4. Serverless tooling will enter an era of transformation
Tooling or the lack of maturity of tooling for serverless & FaaS has been an issue. This includes developer and operational team tooling and ecosystem support.
In 2019, the leading FaaS projects will begin to take an assembly line view of tooling with vastly improved developer experience, unit testing, capabilities such as live-reload and smooth pipelining for CI/CD. GitOps as a paradigm for FaaS development will also take off in 2019. This ensures that every artifact can be versioned using Git and used for things such as rollbacks or roll forwards, solving the versioning challenge that bedevils fast moving and frequently updated projects.
5. In 2019, Serverless cost would become an issue
As more enterprises adopt Serverless for large-scale, mission-critical applications, and as the load increases- the cost of the serverless offering on public clouds and the cloud-lock in would become a growing concern.
In 2019, companies will attempt to rein in cloud costs and ensure interoperability and portability, by standardizing on open source serverless solutions, Kubernetes, employing strategies to always use the optimal cloud provider without having to re-code an application, as well as running Serverless on their own private clouds.

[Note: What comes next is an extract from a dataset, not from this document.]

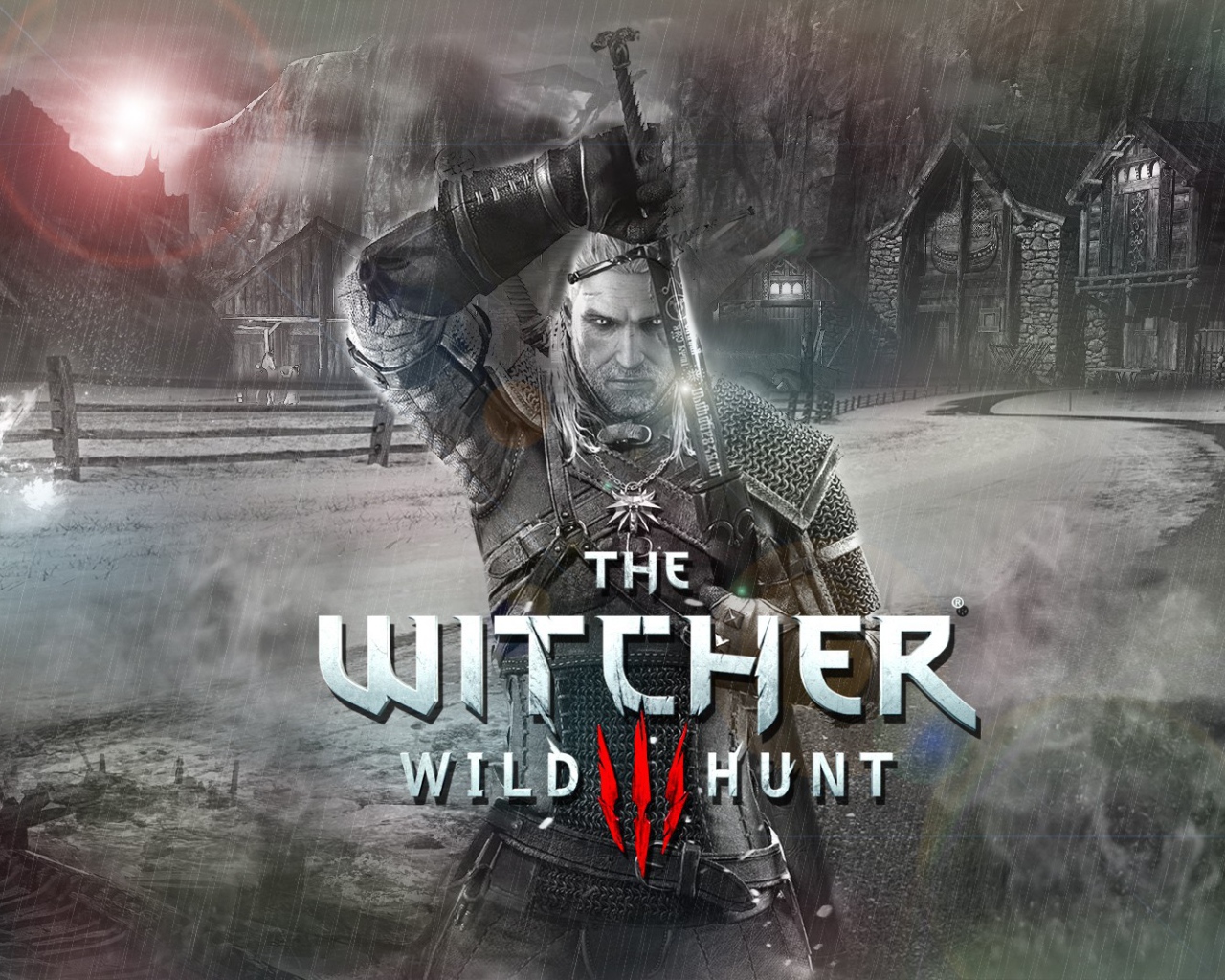 Геральд на постере игры The Witcher 3 Wild Hunt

This last point would have a dramatic impact on their bottom line: improving their resource utilization and leveraging their existing infrastructure and the investment made in on-premise data centers to deliver the same developer experience and cloud operations experience as that of the public cloud.
We expect these predictions to hold as markers of a greater serverless architecture adoption wave, where every single application component is modeled as services, and executed upon triggers and only run for the duration that satisfies the request of the service request. The model when fully embraced end-to-end will have simplified further not only what it takes to write software but to make it possible to write software with the guarantee of running as fast as possible, at the lowest cost, and securely.